CORTE SUPREMA DE JUSTICIA

SALA DE CASACION PENAL

Magistrado Ponente

JOSÉ LEONIDAS BUSTOS MARTÍNEZ

Aprobado acta número 382

Bogotá, D.C., veintiséis de octubre de dos mil once.

Procede la Corte a resolver el recurso extraordinario de casación presentado por el defensor de María Concepción Ortiz Garay, en contra de la sentencia del Tribunal Superior de Bogotá que confirmó, con modificaciones, la proferida por el Juzgado 38 Penal del Circuito en virtud de la cual la condenó en su condición de autora de los delitos de peculado por apropiación y contrato sin cumplimiento de requisitos legales.

HECHOS

En las instancias los jueces los sintetizaron en los siguientes términos:

“El señor NELSON PEREIRA, Edil de la Localidad 18 RAFAEL URIBE URIBE, solicitó al Departamento Administrativo de Seguridad, se adelantara una investigación, por presuntas irregularidades cometidas en el proceso de contratación correspondiente al año 2000, haciendo especial referencia al contrato 098 de esa misma anualidad, por un valor de $58’000.000, suscrito por la Alcaldesa MARÍA CONCEPCIÓN ORTIZ GARAY como ordenadora del gasto y la contratista NUBIA HUERTAS MURCIA, cuyo objeto era la adquisición de unos juguetes para ser entregados en las festividades navideñas, entre los niños de la zona.”

ANTECEDENTES

Por los hechos referidos, la Fiscalía 201 de Delitos contra la Administración Pública y de Justicia, ordenó apertura de instrucción mediante resolución del 12 de septiembre de 2003[1], escuchó en indagatoria a las implicadas Nubia Huertas Murcia[2] y María Concepción Ortiz Garay[3], a quienes les resolvió la situación jurídica el 13 de febrero de 2004, absteniéndose de imponerles medida de aseguramiento de detención preventiva[4].

Con proveído del 28 de abril de 2005 profirió resolución de acusación en contra de María Concepción Ortiz Garay, por los delitos de interés ilícito en la celebración de contratos y peculado por apropiación.

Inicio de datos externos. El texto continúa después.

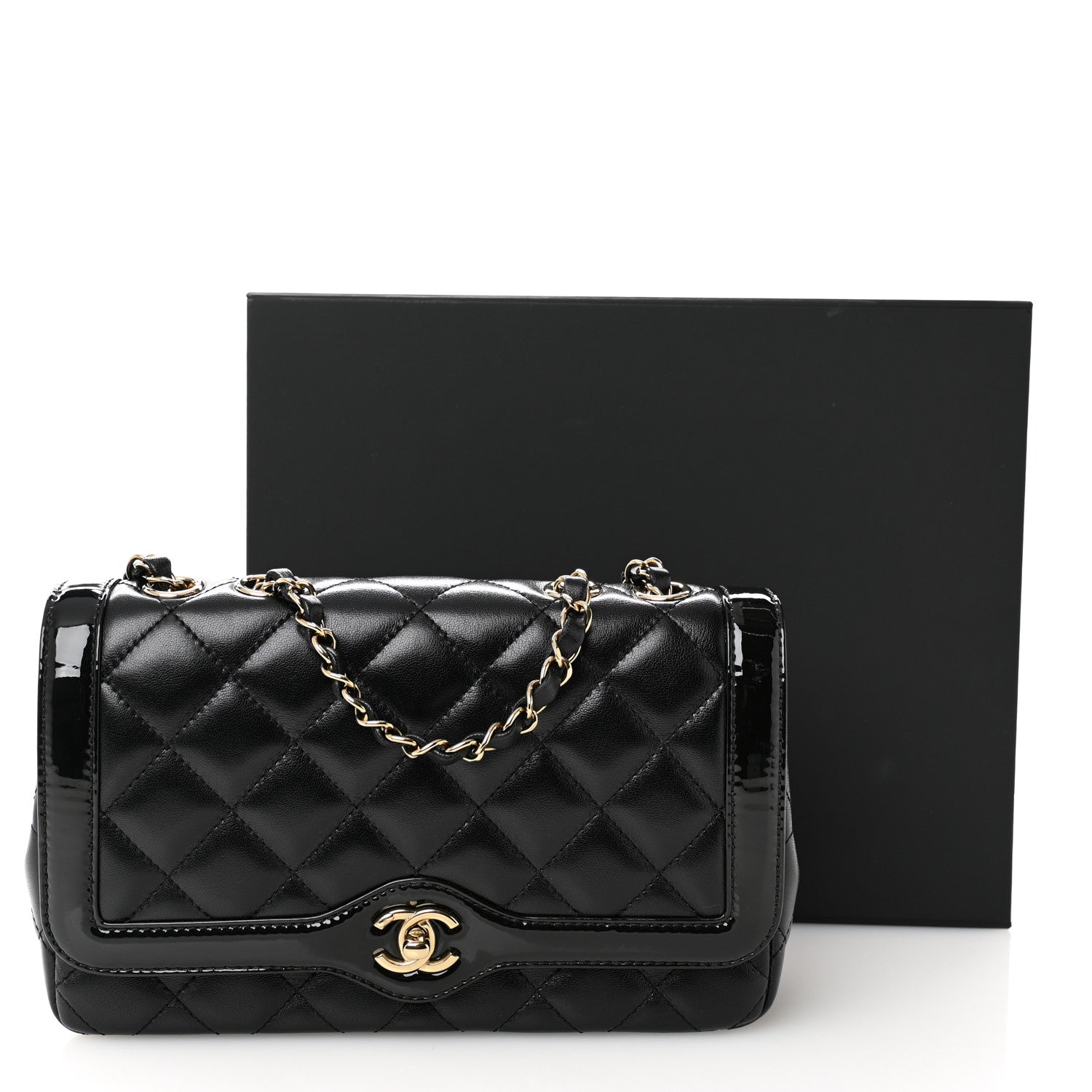Lambskin Patent Calfskin Quilted Small Flap Bag Black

Respecto de la contratista Nubia Huertas Murcia dictó preclusión de la investigación, por muerte de la sindicada ocurrida el 20 de febrero de 2004[5].

El Juzgado 38 Penal del Circuito de Bogotá, en sentencia del 31 de marzo de 2008, condenó a la procesada Ortiz Garay a la pena de 6 años 6 meses de prisión, multa equivalente a 81 salarios mínimos legales mensuales vigentes, e inhabilitación para el ejercicio de derechos y funciones públicas por un lapso igual al de la sanción privativa de la libertad. Además, le negó la suspensión condicional de la ejecución de la pena y el sustituto de la prisión domiciliaria.[6]

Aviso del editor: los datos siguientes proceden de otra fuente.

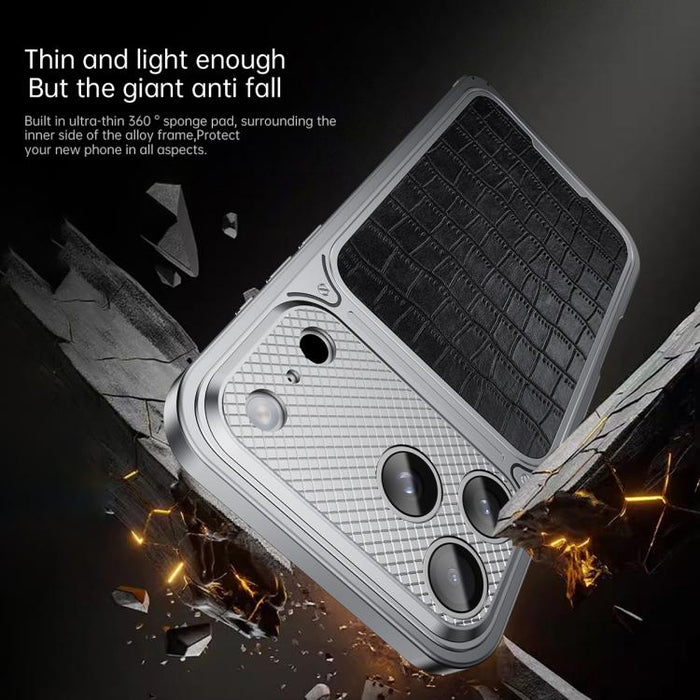 Funda magnética de metal con textura de cuero de lujo y hebilla de resorte para teléfono., For iPhone 17 Pro Max, For iPhone 17 Pro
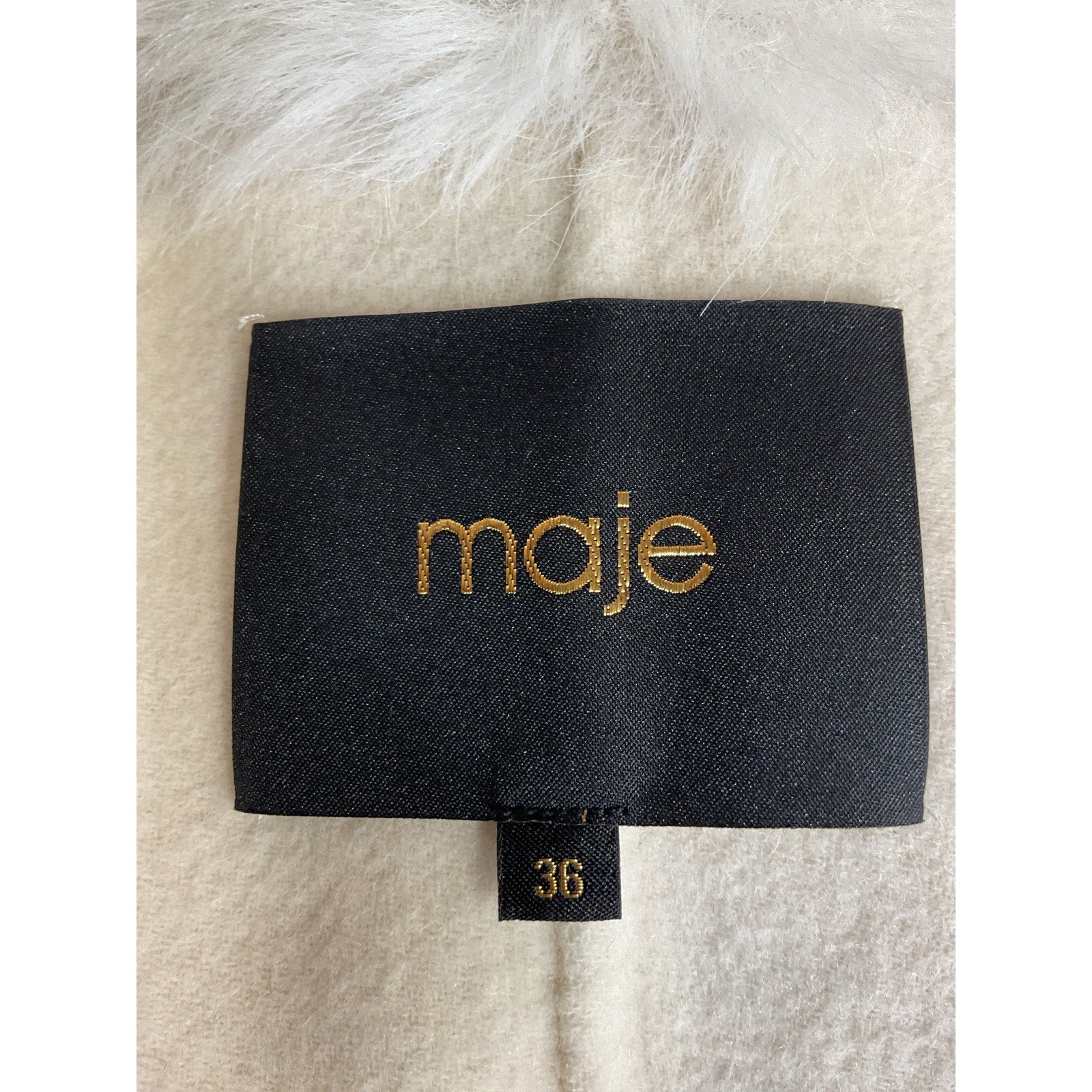 Maje 'Galaxyo' White Faux Fur Collar Coat Size 4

El Tribunal Superior del Distrito Judicial de Bogotá, mediante el fallo recurrido, modificó la condena en el sentido de imponerle a la procesada como pena de multa el valor equivalente a 35,77 salarios mínimos legales mensuales vigentes, monto en el que tasó, además, el valor que debe cancelar la sentenciada como indemnización de los perjuicios generados con las conductas ilícitas que se le atribuyen.

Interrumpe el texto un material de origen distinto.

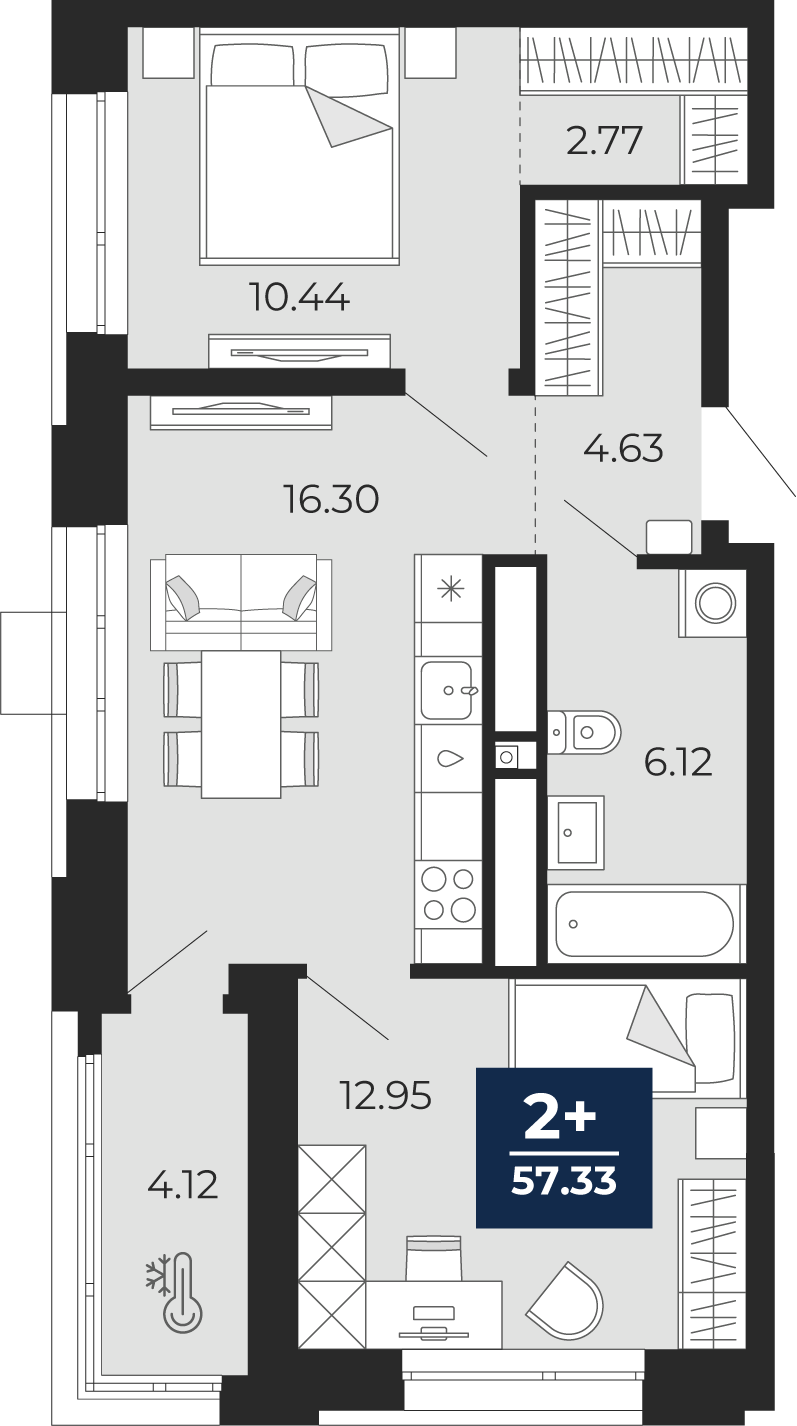 Планировка: Евротрешка 57.3 м² в ЖК Мириады, Мыс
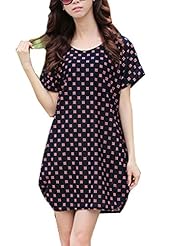 Plus Size Cotton Floral Print Short Sleeves Summer Party Dress 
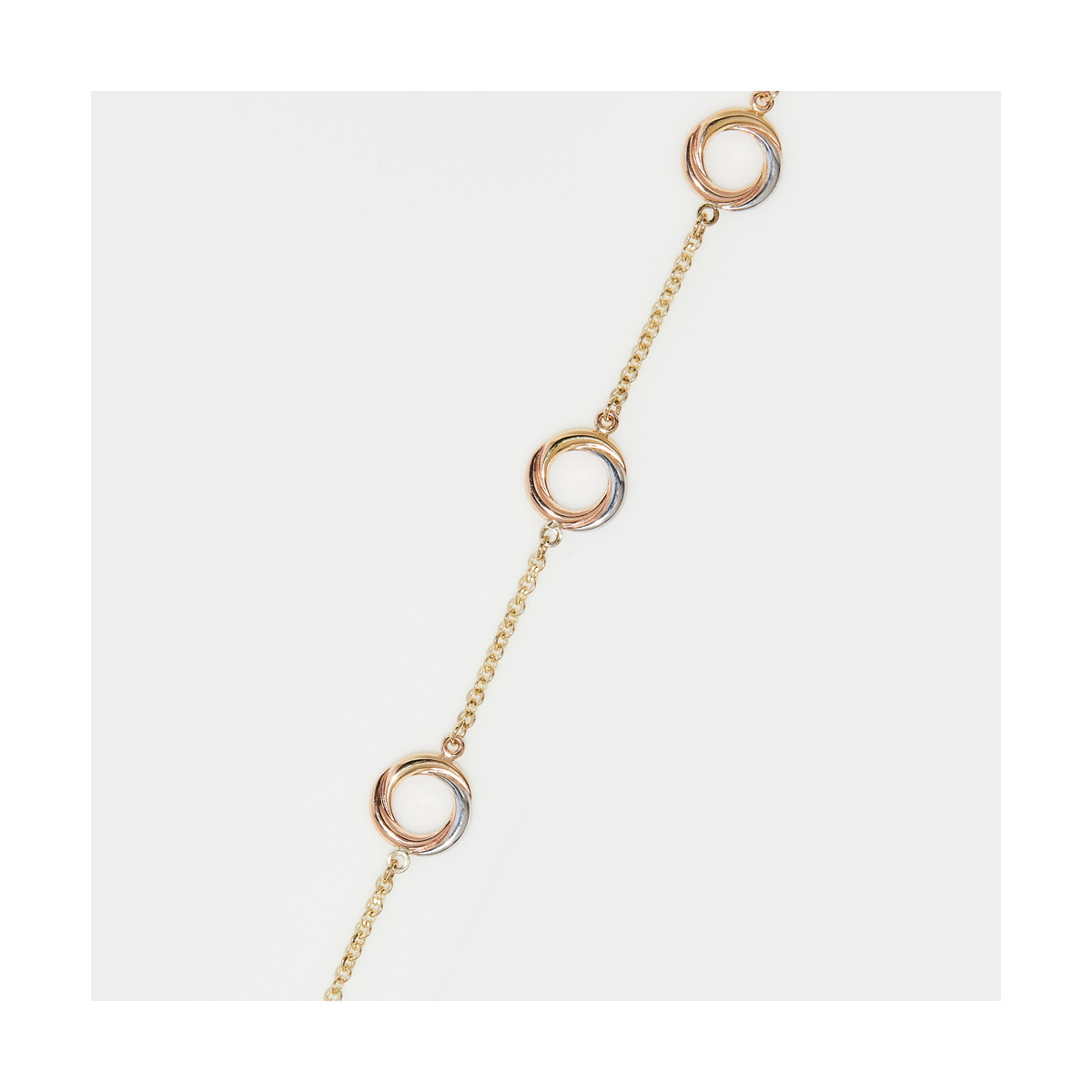 Bracelet chaine or tricolore "Croisade"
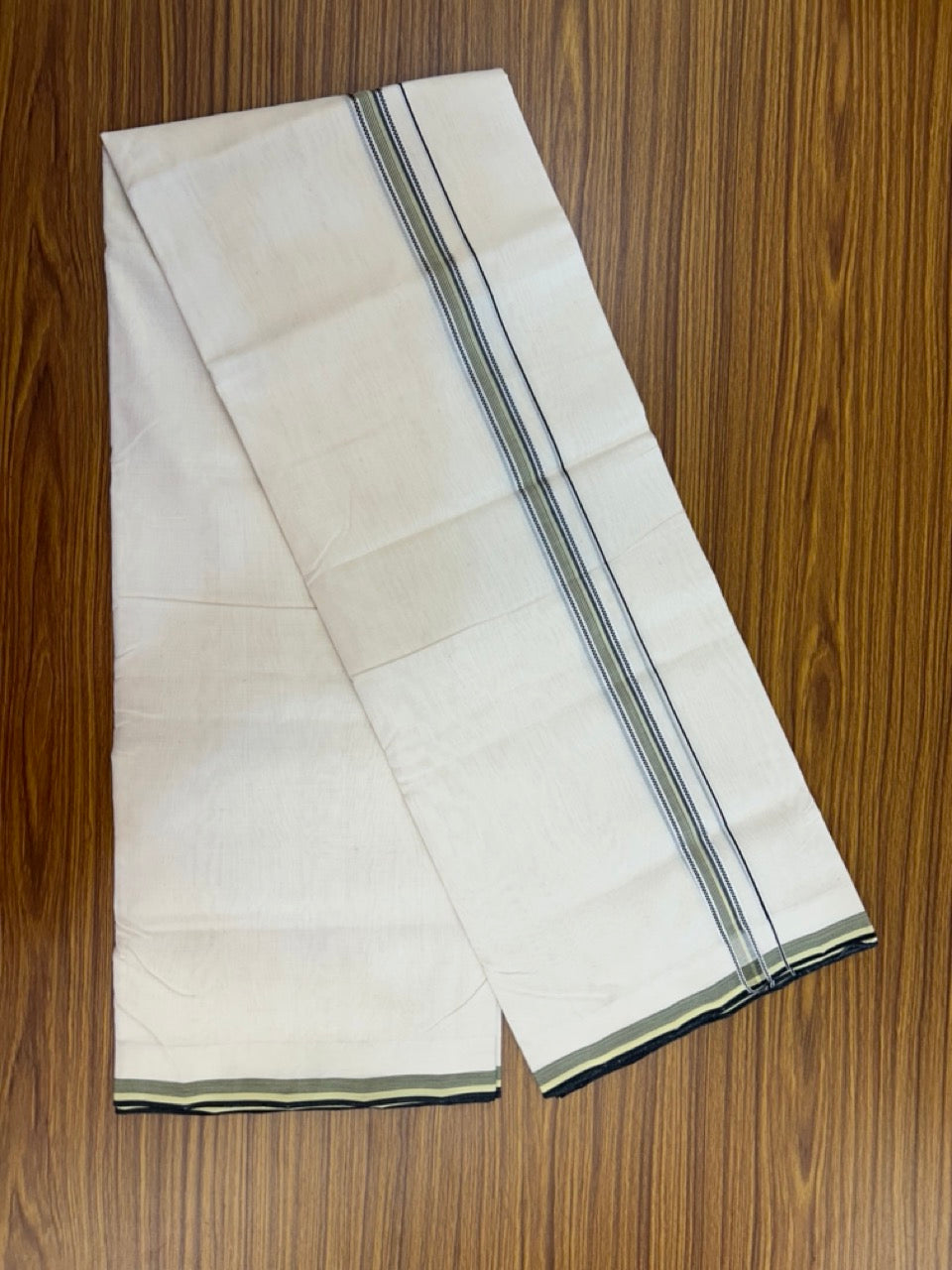 25% DISCOUNT!! KaithariKada HANDLOOM UNAKKUPAAV Balaramapuram - 100% PURE Cotton OFF White - (Unbleached) Double Mundu/Dothi - 120 x 100 - 0.75 inch Light Yellow & Black Stripes Kara 4 meter (8.5 muzham) - 12 KK5233 REA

DEMANDA DE CASACIÓN Y CONSIDERACIONES

El actor propone cuatro cargos en contra de la sentencia de segunda instancia, dos relacionados con el delito de contrato sin cumplimiento de requisitos legales y otros dos frente al punible de peculado por apropiación.

Con el fin de evitar repeticiones innecesarias que tornen denso el texto de este fallo, la Corte abordará el resumen de los cargos en el orden propuesto por el actor, el concepto del Ministerio Público y, a continuación, expondrá las consideraciones correspondientes.

  1. Censuras propuestas con relación al delito de contrato sin cumplimiento de los requisitos legales.

    1.1 Primer cargo. Violación indirecta de la ley sustancial mediante error de hecho por falso juicio de existencia. Según el censor, el Tribunal ignoró la prueba aportada al proceso que de manera incontrovertible señalaba el cumplimiento de los requisitos legales esenciales en el contrato 098 de 2000, suscrito entre la acusada, en su condición de Alcaldesa Local y la contratista Nubia Huertas Murcia.

    Los fallos de primera y segunda instancia, sostiene, “… se fundamentan en conceptos generales y manifestaciones abstractas, sin concretar de manera precisa cuáles fueron los requisitos esenciales que no se cumplieron en el trámite del contrato…”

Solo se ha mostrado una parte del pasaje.